La desarticulación policial, reportó Europa Press, se produjo en Castellón tras la identificación formal de la primera célula terrorista supremacista en España con intenciones declaradas de perpetrar atentados conforme al ideario de ‘The Base’. La operación, coordinada por el Juzgado Central Número 6 de la Audiencia Nacional, incluyó la detención de tres individuos de 24, 22 y 48 años. Los agentes incautaron un total de nueve armas —de las cuales dos eran de fuego—, una variedad considerable de munición y más de veinte armas blancas, junto con material paramilitar y símbolos asociados al movimiento neonazi.
Según la nota de prensa de la Policía Nacional y Europa Press, la investigación se activó a comienzos de 2025 tras detectar la radicalización extrema de un individuo sometido a vigilancia especializada por las unidades antiterroristas. El seguimiento permitió establecer la composición del grupo, liderado por Dionis y formado por dos miembros adicionales, identificando su estilo de vida perfectamente alineado con las directrices y actividades de la organización. Las fuerzas policiales recogieron evidencias de la realización de múltiples ejercicios de entrenamiento táctico con armas y equipo paramilitar, así como de la capacidad operativa para preparar ataques. La célula manifestó abiertamente su objetivo de llevar a cabo ataques selectivos orientados a la desestabilización institucional, de acuerdo con el perfil aceleracionista divulgado en abierto durante la investigación.

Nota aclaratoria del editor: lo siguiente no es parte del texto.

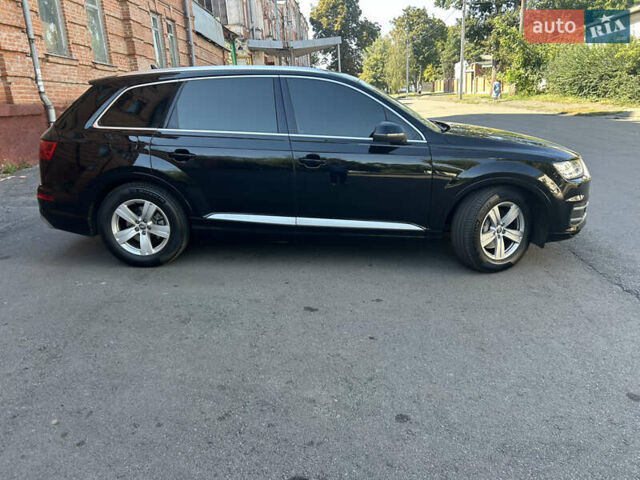 Ауди Ку 7 2017 в Полтаве на Automoto.ua Ауди Ку 7, объемом двигателя 3 л и пробегом 173 тыс. км за 33900 $, фото 4 на Automoto.ua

Europa Press indicó que el aceleracionismo es la corriente ideológica que promueve el escalamiento deliberado de la violencia con la expectativa de desencadenar una respuesta social y política de amplio alcance. Tanto autoridades policiales como judiciales insistieron a lo largo de la investigación en los riesgos asociados a la operatividad del grupo detenido, subrayando la financiación extranjera, el uso efectivo de las armas y la coordinación transnacional. Los datos recabados destacaron también los antecedentes violentos del principal imputado, que ya figuraba en los registros policiales relacionados con procesos avanzados de radicalización.
El análisis judicial reflejado por Europa Press describe la conducta de Dionis como reiterada en acciones de adoctrinamiento, entrenamiento armado y empleo activo de arsenal para la realización concreta de actos violentos. El seguimiento de su caso identificó un patrón de liderazgo continuado, con un acceso regular a recursos ilícitos y un margen alto de peligrosidad debido a la reiteración de actividades radicales. El auto de la Audiencia Nacional concluyó que la investigación continúa abierta con la finalidad de precisar el alcance de las actividades ejecutadas por la célula, sus esquemas de financiación y las conexiones operativas mantenidas con redes internacionales dedicadas al terrorismo supremacista.